Wednesday 23 December 2009

Shorts blown to smithereens (1)

On top of a number of feature films, AleKino! asked me to work on several shorts, some of which proved incredibly appealing.

Birth by Signe Baumane, here in her other funny animation, gave a fast-paced, light-hearted overview of the horrors a pregnant teenager has to go through in a backward community where all other women have to offer in terms of support are stories of personal hurt and disappointment. In less than a quarter of an hour the girl protagonist is dragged through her unexpected pregnancy, put down by her complaining mother, disillusioned, hysterical aunts and unsympathetic doctor, until she gives birth to a hellish, little boy who instantly has her enslaved. Neatly animated, the film ironically overblows the teenage fears and adult phobias towards babies and relationships that their arrival shapes. It may be a tad too gruesome for a very young audience and a degree of distance is necessary not to freak out at the sight of balooning pregnant bellies or zombie fetuses in medical charts.

Lots of excellent vocab:
1. noisy with cicadas, outside cicadas buzzed,
2. to tear at the seams,
3. to blow/smash a stereotype to smithereens (little pieces),
4. septic = ropiejący, a septic wound,
5. She pressed a baby to her bosom.
6. Immediately after birth, nurses give a baby a rinse,
7. delivery = poród,
8. "I know something, you don't know" kind of laugh,
9. the umbilical cord,
10. a pause of comprehension.

I let myself be enchanted by Aphrodite's Farm, a sweet New Zealand fable about a family milk farm somewhere at the foothills of Mount Taranaki (Egmont), whose dairy products are not only flavoursome, but also blessed with the magical qualities of prolonging life, improving health and enhancing talent. The bliss of this Maori household comes to an abrupt end when the head of the family dies of a heart attack, leaving his wife and three beautiful dauhthers helpless. To make matters worse, their plight gets compunded when Friday, a helping hand they hired to lift the farm from recession, takes a shining, fully requited, to one of the daughters. Little do they know that the milk potion, which their farm earns a living from, relies on a constellation of three virgin daughters for its extraordinary powers. Magical milk goes sour, its properties gone, Friday is banished and the farm declines further. Only to be reborn in 9 months' time when a newborn virgin repairs the ancient circle the ranch is based on.
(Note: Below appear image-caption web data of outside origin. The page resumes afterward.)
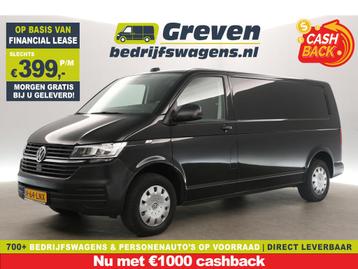 Volkswagen Transporter 2.0 TDI L2H1 | 150PK | Automaat | Air beschikbaar voor biedingen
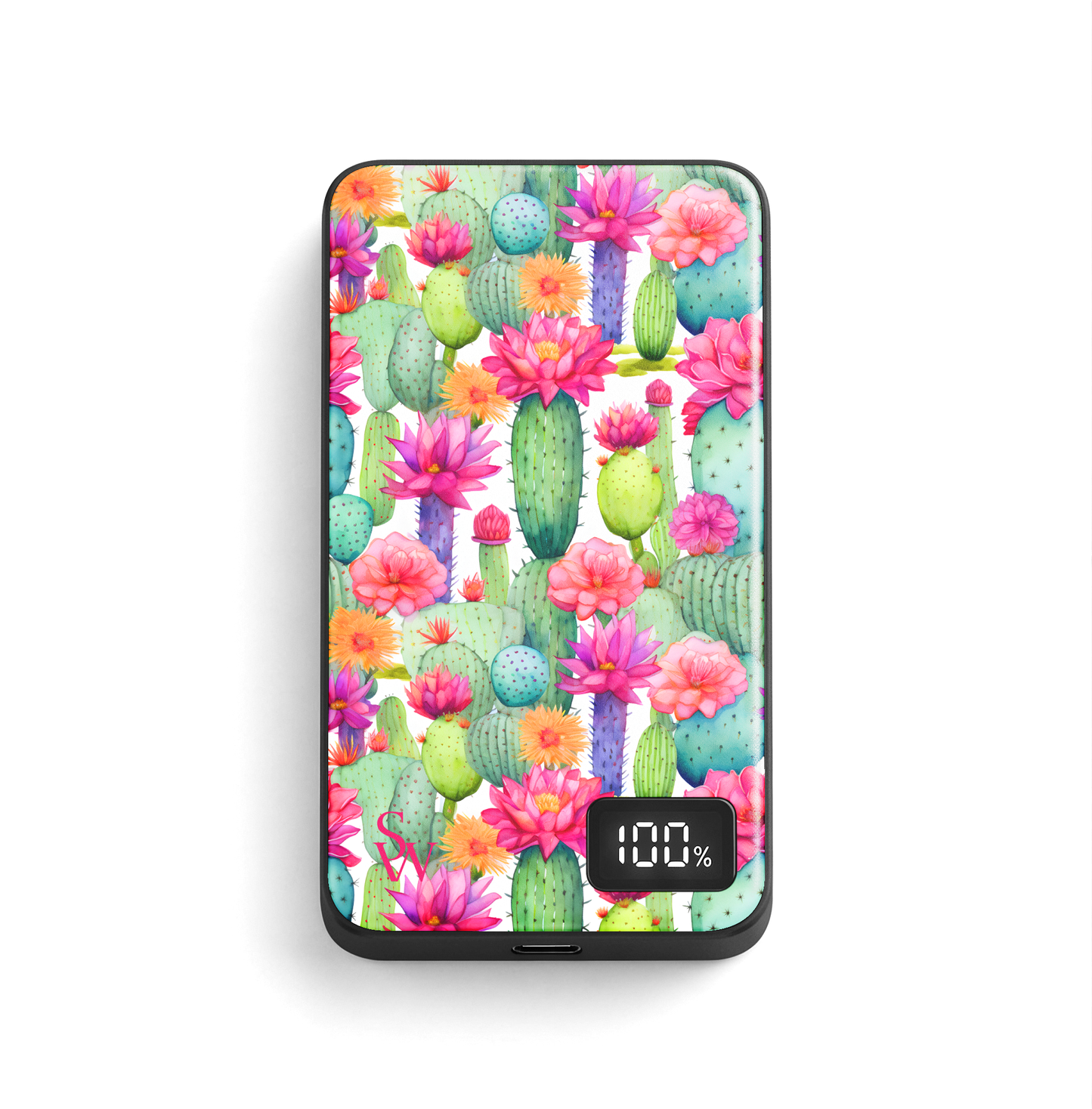 Dessert Bloom Power Bank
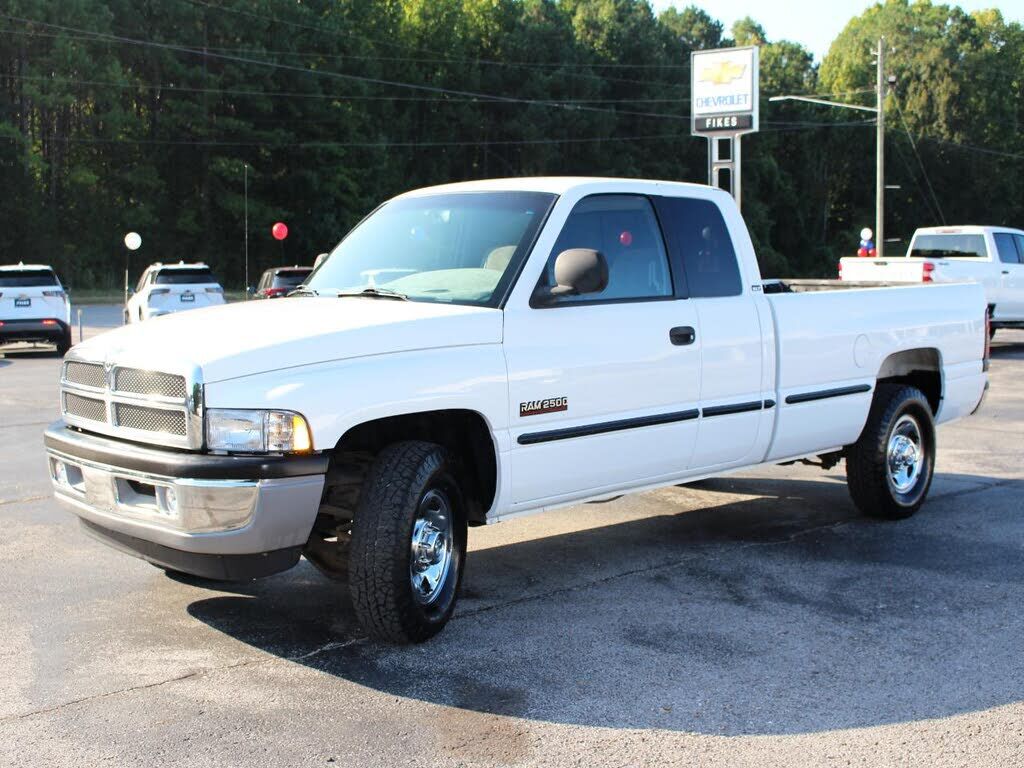 1999 DODGE Ram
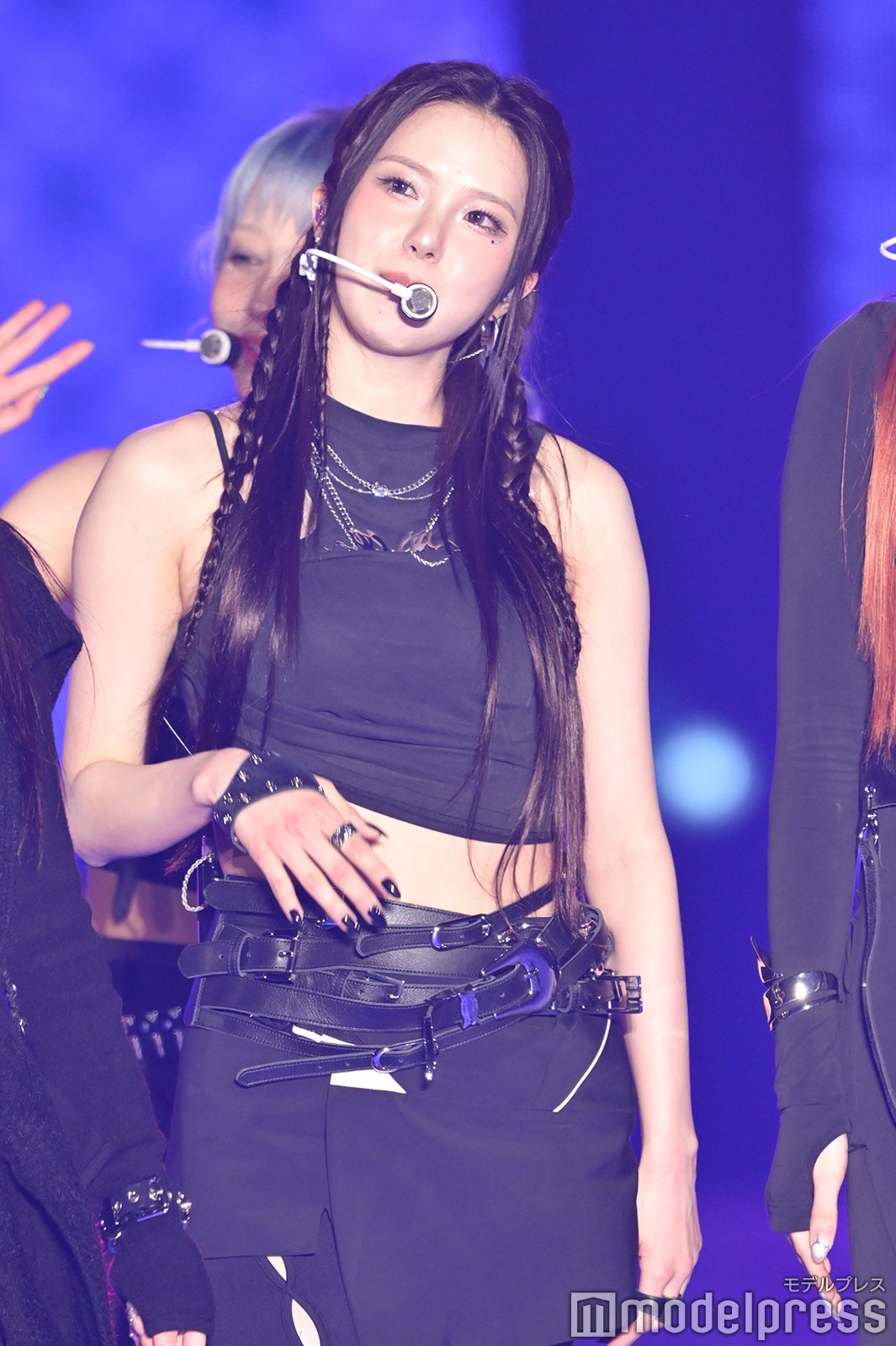 ユジン（C）モデルプレス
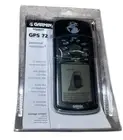 New GARMIN GPS 72 Handheld Personal Navigator Marine Fishing Hiking Hunting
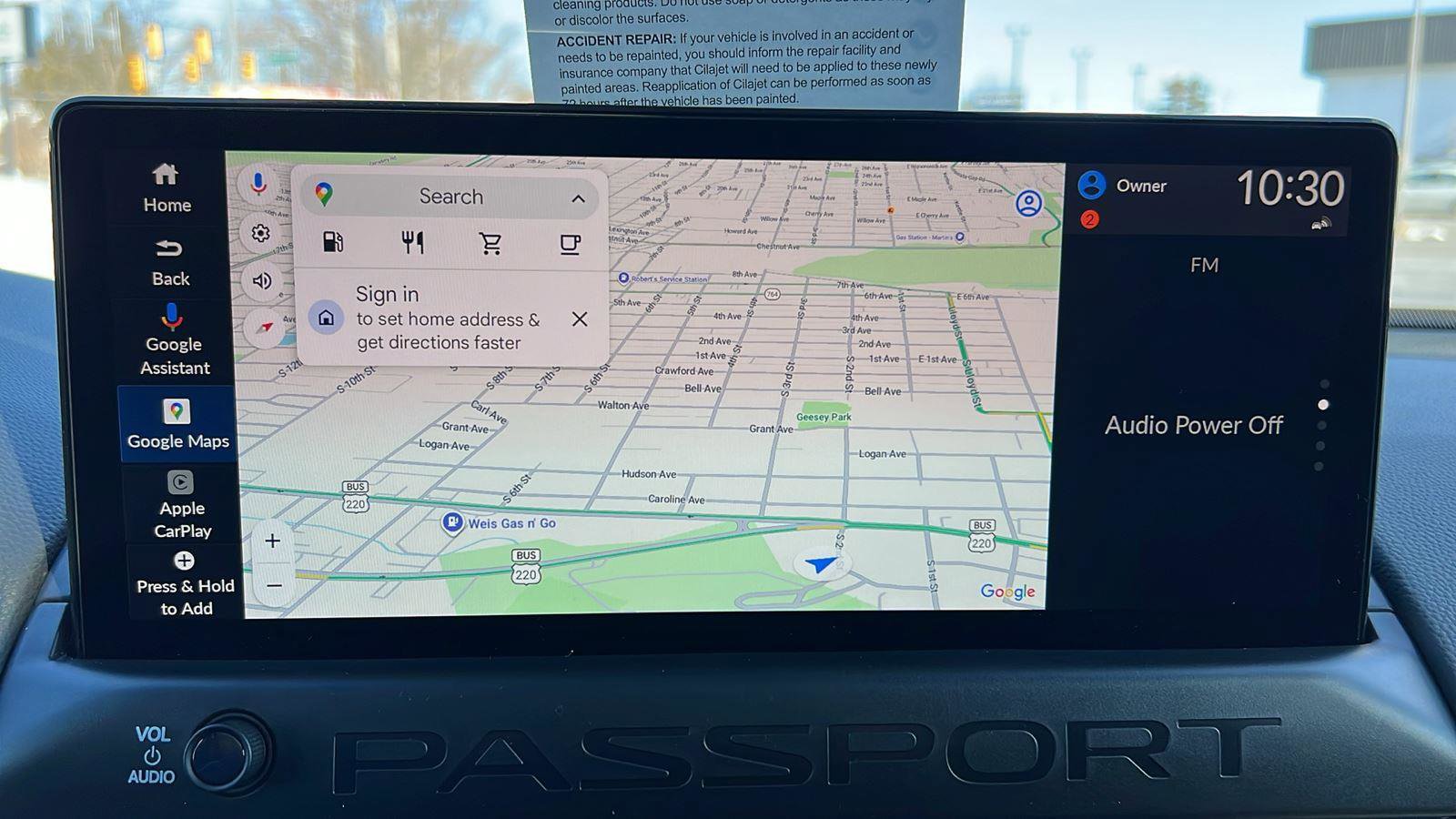 New 2026 Honda Passport TrailSport image 29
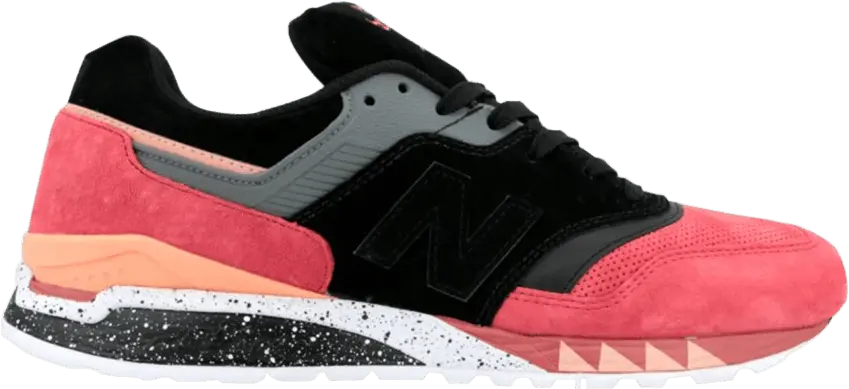  New Balance 997.5 Sneaker Freaker Tassie Tiger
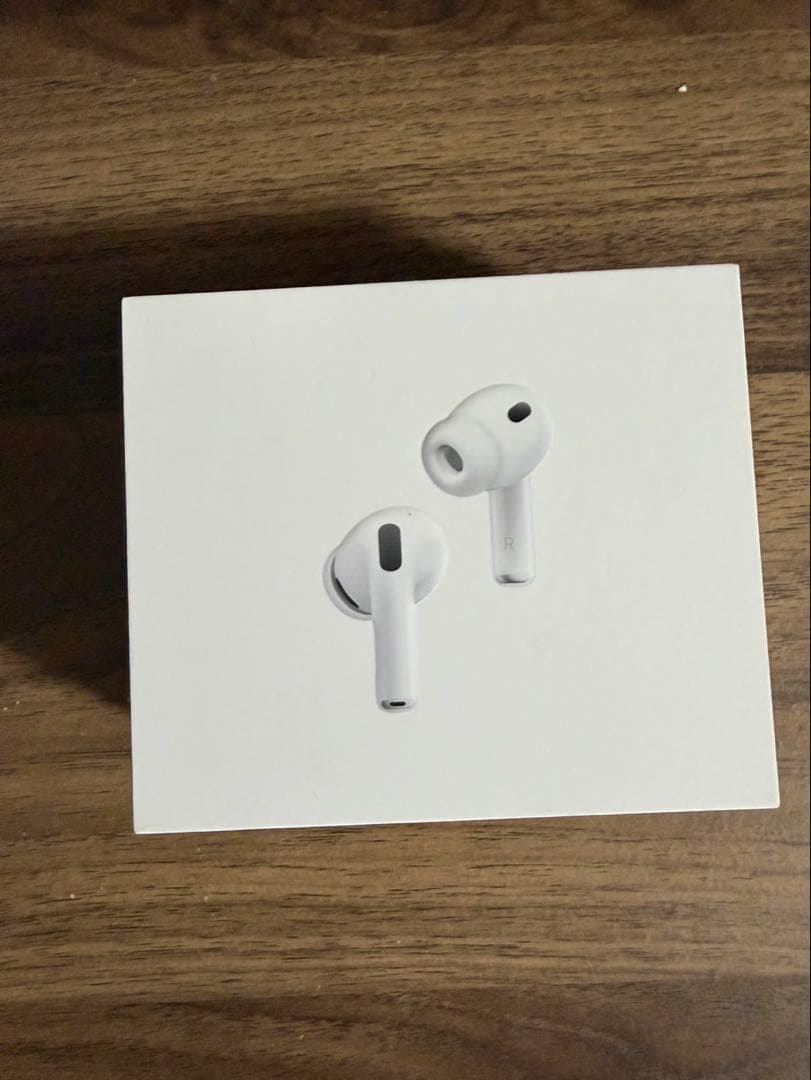 AirPods Pro 3 本体 【数回使用】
1. Kia ora is a Maori greeting and one of key expressions that made their way to modern English, especially in New Zealand,
2. The farm was short-handed,
3. Horses refused to lift a hoof,
4. Absence makes the heart grow fonder,
5. foolhardy = szaleńczy, nierozstropny,
6. impetuos = zapalczywy, porywczy,
7. a lot of hard yakka = work,
8. the bloodline = pochodzenie
9. heal the infirm and cure the lame,
10. It wouldn't be too much of a stretch to say...
11. to get a big agro = get angry or hostile for no reason.